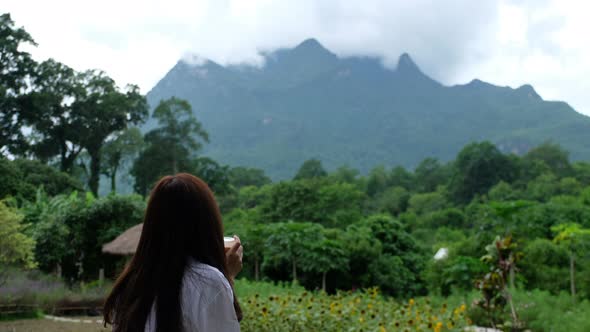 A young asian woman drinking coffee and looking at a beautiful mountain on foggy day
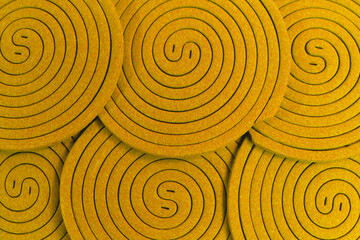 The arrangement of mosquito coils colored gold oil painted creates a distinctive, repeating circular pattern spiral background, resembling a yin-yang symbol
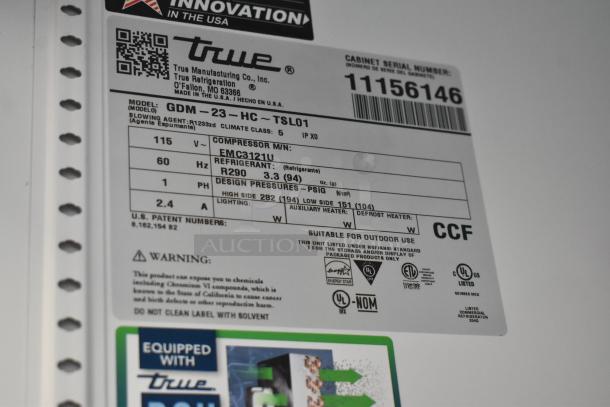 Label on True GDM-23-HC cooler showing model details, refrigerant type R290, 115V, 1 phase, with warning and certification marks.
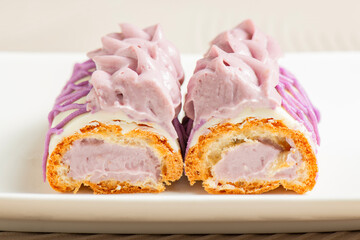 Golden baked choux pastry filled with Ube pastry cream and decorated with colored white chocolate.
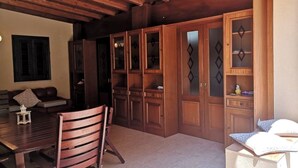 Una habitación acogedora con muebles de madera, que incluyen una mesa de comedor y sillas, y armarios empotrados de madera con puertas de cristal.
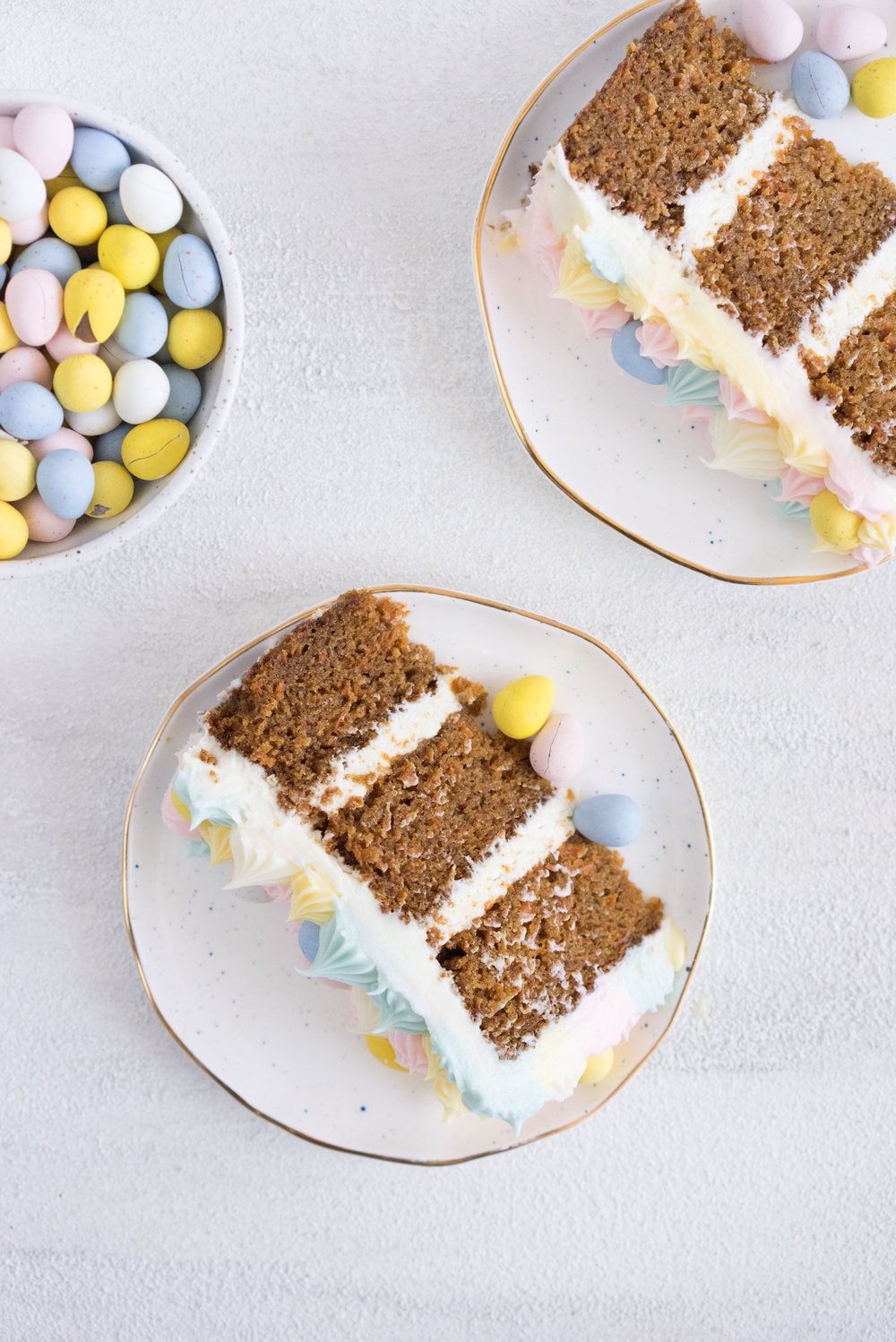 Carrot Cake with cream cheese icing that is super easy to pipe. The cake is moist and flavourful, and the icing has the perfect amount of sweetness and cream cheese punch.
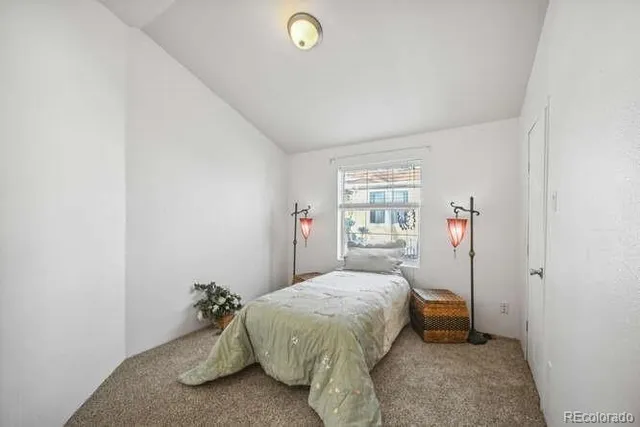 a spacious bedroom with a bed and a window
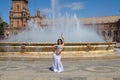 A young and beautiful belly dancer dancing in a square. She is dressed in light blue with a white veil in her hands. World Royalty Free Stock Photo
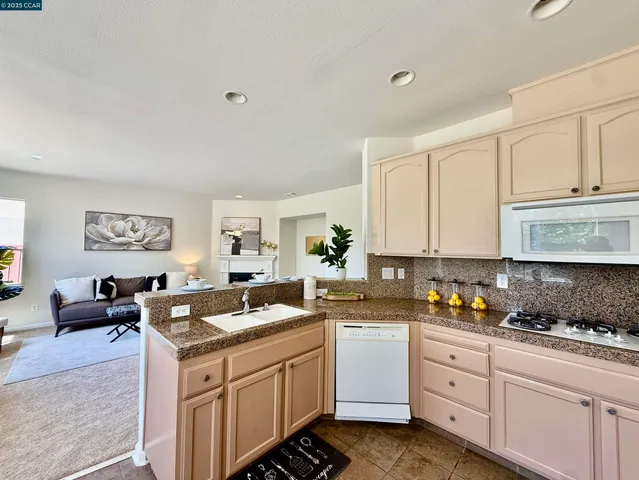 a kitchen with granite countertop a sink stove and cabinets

**Task description:** Output, exactly and with no pictures, every line from the one that contains "A young and" through the final line of the entries.

**Response below:**
 A young and beautiful belly dancer dancing in a square. She is dressed in light blue with a white veil in her hands. World Royalty Free Stock Photo
 a kitchen with granite countertop a sink stove and cabinets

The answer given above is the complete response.